- Interactive map of Todoroki Shell Midden
- 32°40′48″N 130°38′27″E﻿ / ﻿32.68000°N 130.64083°E
- Type: shell midden
- Periods: Jōmon period
- Location: Uto, Kumamoto, Japan
- Region: Kyushu

Site notes
- Public access: Yes (no facilities at site)

= Todoroki Shell Mound =

The Todororoki Shell Midden (轟貝塚, Todororoki kaizuka) is an archaeological site in what is now the Miyanosho-cho neighborhood of the city of Uto, Kumamoto Prefecture, Japan with an early Jōmon period shell midden. The site was designated a National Historic Site in 2022 by the Japanese government.

==Overview==
During the early to middle Jōmon period (approximately 4000 to 2500 BC), sea levels were five to six meters higher than at present, and the ambient temperature was also 2 deg C higher. During this period, Kyushu was inhabited by the Jōmon people, many of whom lived in coastal settlements. The middens associated with such settlements contain bone, botanical material, mollusc shells, sherds, lithics, and other artifacts and ecofacts associated with the now-vanished inhabitants, and these features, provide a useful source into the diets and habits of Jōmon society. Most of these middens are found along the Pacific coast of Japan; however, this site is located at the edge of a low plateau at the base of the Uto Peninsula., facing the Ariake Sea.

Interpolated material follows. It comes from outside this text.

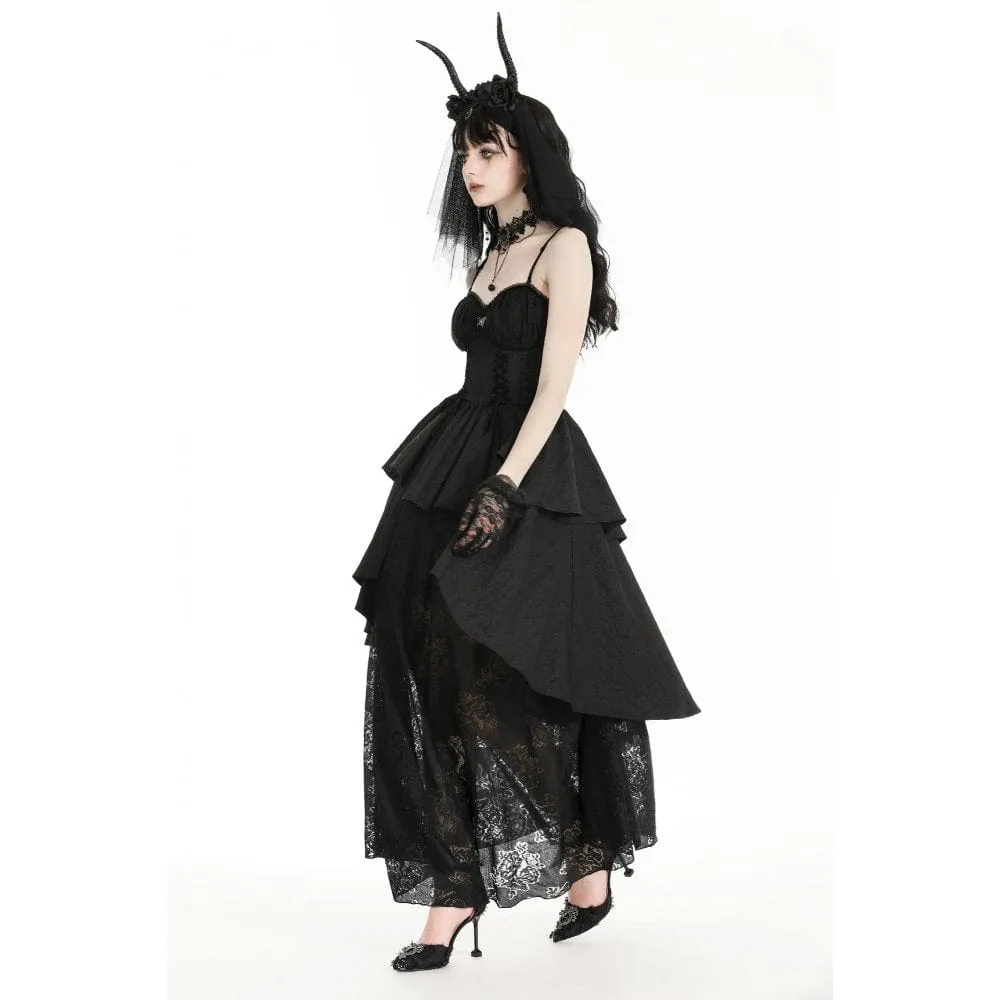 Women's Gothic Layered High/Low Gown Slip Dress Wedding Dress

The Nishiokadai portion of the shell mound has been excavated four times from 1919 to 1966. It consists mainly of oysters, cockles, and short-necked clams. There is also a series of middens in the Susaki area on the opposite bank across a narrow lowland, and both sites together are consisted to be the "Todoroki Shell Mound". Jōmon pottery from this site from the early Jōmon period (approximately 7,500 years ago) to middle Late Jōmon period (approximately 3,500 years ago) has been classified it into four types: Type A has a twill-like streaky pattern, Type B has several clay bands attached under the rim, Type C has several sunken lines to create curved patterns on the streaked areas, and Type D has sunken lines made with two units of writing tools and horizontal arcs created by continuous piercing. This "Todoroki-style earthenware", has been widely excavated in western Japan and known nationwide an indicator for determining the age of Jōmon period ruins. Excavations have also uncovered a large number of buried human bones.